For simplicity of coding we create a new dataset removing these columns.We can also confirm that none of the other columns will have any NAs (and thus no rows will be excluded from our analysis)

```{r message=FALSE}
cols_exclude_pattern<-c("max","min","skewness","kurtosis","avg","var","stddev","amplitude")
pml_use<-pml.training[ , -grep(paste(cols_exclude_pattern,collapse="|"),names(pml.training))]
apply(pml_use, 2, function(x) length(which(is.na(x))))
summary(pml_use$new_window)
```

One question is how distribution of the columns differ for  new_window=yes as against new_window=no values - this is to be confident that there is nothing specific about these rows in that they will need to be excluded from the analysis or some special treatment is required. We plot a few of these  and see that there is not much difference between them visually. 

```{r eval=FALSE}
transparentTheme (trans = .9)
featurePlot(x = pml_use[, 8:59],
            y = pml_use$new_window,
            plot = "density",
            ## Pass in options to xyplot() to 
            ## make it prettier
            scales = list(x = list(relation="free"),
                          y = list(relation="free")),
            adjust = 1.5,
            pch = "|",
            layout = c(9, 6),
            auto.key = list(columns = 52))
```

```{r echo=FALSE}
img<-readPNG("C:/SujoyRc/Temp/Coursera/VariableDensities.png")
grid.raster(img)
```

To start our modelling, we must split the data into testing and training sets - strictly speaking the testing dataset is an out-of-sample set as it does not have the response variable in it.

```{r message=FALSE}
set.seed(12345)
inTrain<-createDataPartition(y=pml_use$classe,p=0.7,list=FALSE)
training<-pml_use[inTrain,]
testing<-pml_use[-inTrain,]
### List all columns into one single variable
fmla<-as.formula(paste("classe ~",paste(names(pml_use[8:59]),collapse=" + ")))
```

We start with a RPART model and see the performance. 
```{r eval=FALSE}
modFit<-train(fmla, method="rpart",data=training)
```

```{r echo=FALSE}
load("C:/SujoyRc/Temp/Coursera/modFit")
```

```{r fig.width=7, fig.height=6}
fancyRpartPlot(modFit$finalModel)
```

And see the model fit statistics both for in-sample and out of sample errors.

**IN-SAMPLE ERRORS**
```{r message=FALSE}
confusionMatrix(training$classe,predict(modFit))
```

**OUT OF SAMPLE ERRORS**
```{r message=FALSE}
confusionMatrix(testing$classe,predict(modFit,newdata=testing))
```

These two results show a match of only 60% approximately - clearly it is not good enough. We attempt a Random Forest result for the same and note the variable importance in a plot.
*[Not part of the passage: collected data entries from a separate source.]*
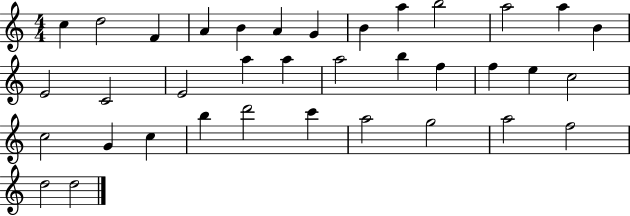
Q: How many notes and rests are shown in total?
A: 36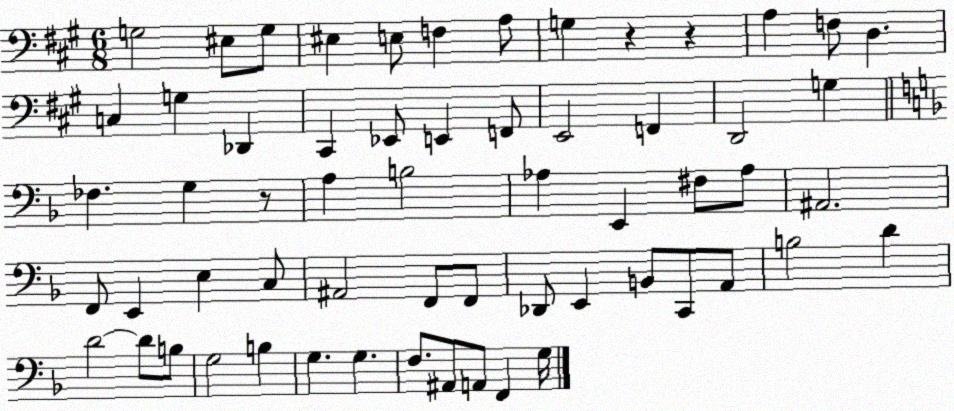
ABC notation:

X:1
T:Untitled
M:6/8
L:1/4
K:A
G,2 ^E,/2 G,/2 ^E, E,/2 F, A,/2 G, z z A, F,/2 D, C, G, _D,, ^C,, _E,,/2 E,, F,,/2 E,,2 F,, D,,2 G, _F, G, z/2 A, B,2 _A, E,, ^F,/2 _A,/2 ^A,,2 F,,/2 E,, E, C,/2 ^A,,2 F,,/2 F,,/2 _D,,/2 E,, B,,/2 C,,/2 A,,/2 B,2 D D2 D/2 B,/2 G,2 B, G, G, F,/2 ^A,,/2 A,,/2 F,, G,/4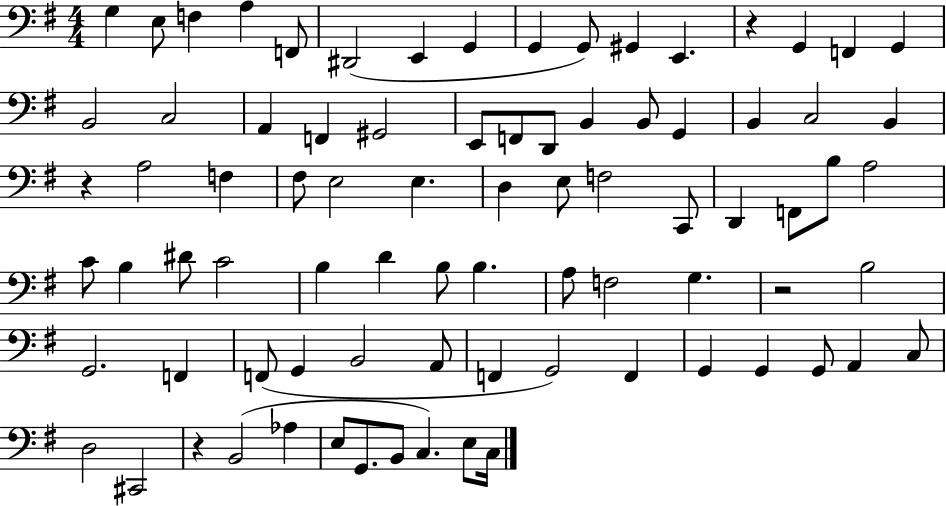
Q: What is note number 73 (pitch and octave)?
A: E3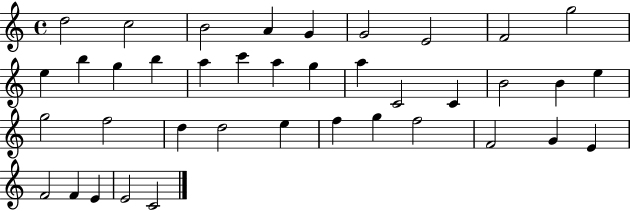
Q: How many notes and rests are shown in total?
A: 39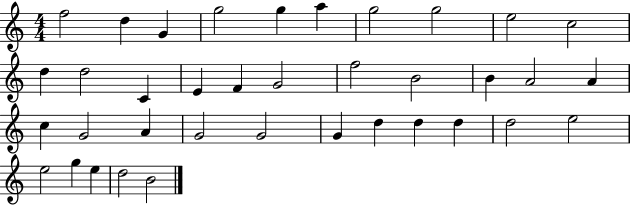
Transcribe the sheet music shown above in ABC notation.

X:1
T:Untitled
M:4/4
L:1/4
K:C
f2 d G g2 g a g2 g2 e2 c2 d d2 C E F G2 f2 B2 B A2 A c G2 A G2 G2 G d d d d2 e2 e2 g e d2 B2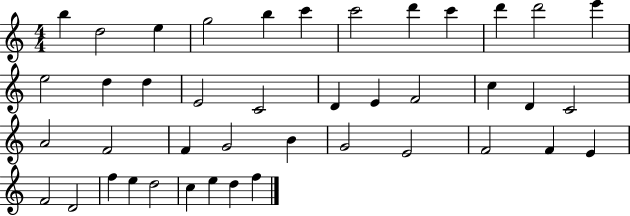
B5/q D5/h E5/q G5/h B5/q C6/q C6/h D6/q C6/q D6/q D6/h E6/q E5/h D5/q D5/q E4/h C4/h D4/q E4/q F4/h C5/q D4/q C4/h A4/h F4/h F4/q G4/h B4/q G4/h E4/h F4/h F4/q E4/q F4/h D4/h F5/q E5/q D5/h C5/q E5/q D5/q F5/q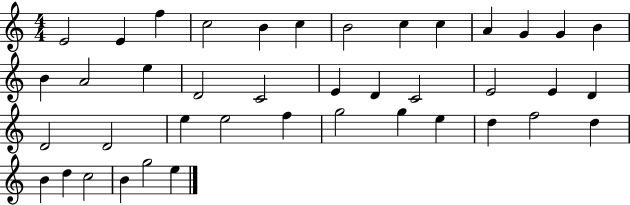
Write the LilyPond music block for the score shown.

{
  \clef treble
  \numericTimeSignature
  \time 4/4
  \key c \major
  e'2 e'4 f''4 | c''2 b'4 c''4 | b'2 c''4 c''4 | a'4 g'4 g'4 b'4 | \break b'4 a'2 e''4 | d'2 c'2 | e'4 d'4 c'2 | e'2 e'4 d'4 | \break d'2 d'2 | e''4 e''2 f''4 | g''2 g''4 e''4 | d''4 f''2 d''4 | \break b'4 d''4 c''2 | b'4 g''2 e''4 | \bar "|."
}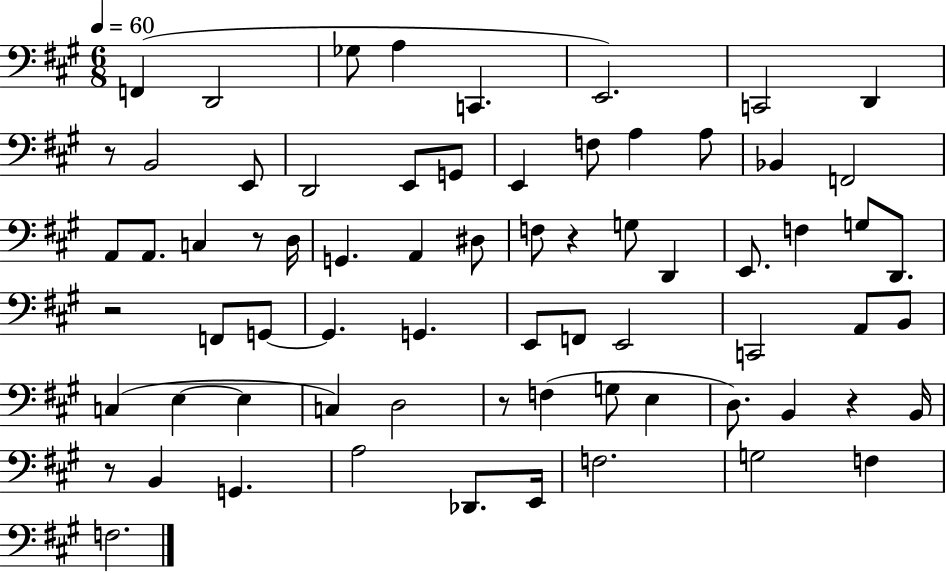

For simplicity we assign the randomForest object in the train model into a separate model. This will be useful as we will be using randomForest package functions for variable importance plots and cross-validation.

```{r eval=FALSE}
modFit_rf<-train(fmla, method="rf",data=training)
rf<-modFit_rf$finalModel
```

```{r echo=FALSE}
load("C:/SujoyRc/Temp/Coursera/rf_model")
rf<-modFit_rf$finalModel
```

And visualize the node importance in the following plot

```{r fig.width=7, fig.height=6 }
varImpPlot(rf,type=2,main="mean decrease in node impurity")
```

And the confusion matrices are analyzed

**IN-SAMPLE ERRORS**
```{r message=FALSE}
confusionMatrix(training$classe,predict(modFit_rf))
```

The confusion matrix for the training dataset gives a result of 100% which creates some concerns if this data is overfitted.

**OUT OF SAMPLE ERRORS**
```{r message=FALSE}
confusionMatrix(testing$classe,predict(modFit_rf,newdata=testing))
```

However the confusion matrix for the testing dataset belies those fears and it is sufficient.

We then run a cross-validation and observer the out-of-sample errors for trees involving 1,3,6,13,26,52 variables.

```{r eval=FALSE }
cv_results<-rfcv(pml_use[,8:59],pml_use[,60])
cv_results$error.cv
```

```{r echo=FALSE }
load("C:/SujoyRc/Temp/Coursera/cv_results")
cv_results$error.cv
```

```{r fig.width=7, fig.height=6 }
with(cv_results, plot(n.var, error.cv, log="x", type="o", lwd=2))
```

The errrors are very small and provide a good estimae of out-of-sample errors.

These results, all encouraging, allow us to choose the random forest as a model of choice for this problem.